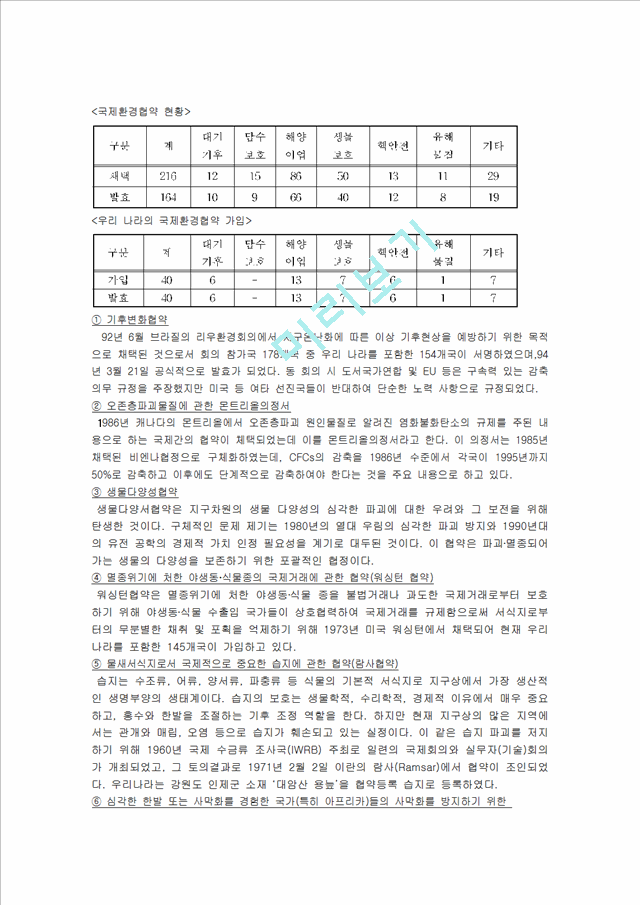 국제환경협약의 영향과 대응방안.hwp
...
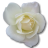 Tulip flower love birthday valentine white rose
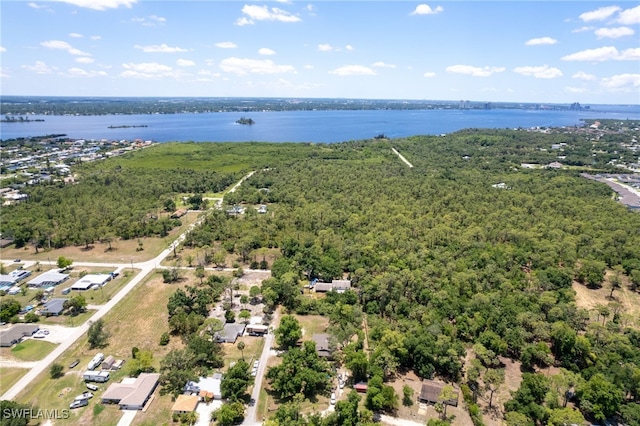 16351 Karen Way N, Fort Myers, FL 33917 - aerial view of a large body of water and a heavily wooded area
...
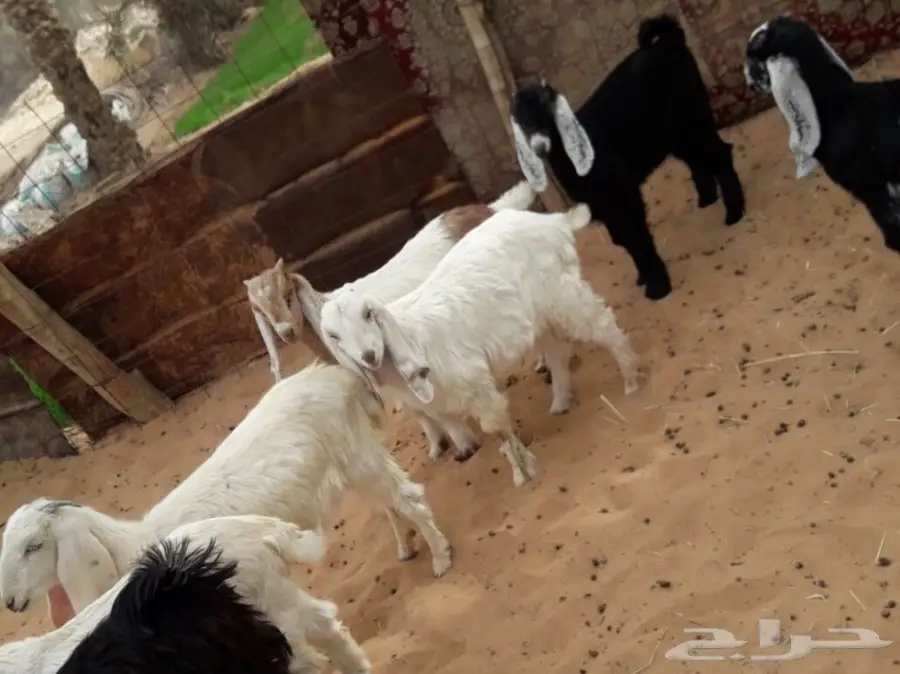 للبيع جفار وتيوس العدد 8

* _WHAT IS BEING ASKED_:
Within the listing above, the lines from the one with "Tulip flower love" through the one with "16351 Karen Way" are to be given again word for word. Do not include pictures.

* _RESPONSE TO THE TASK_:
 Tulip flower love birthday valentine white rose
 16351 Karen Way N, Fort Myers, FL 33917 - aerial view of a large body of water and a heavily wooded area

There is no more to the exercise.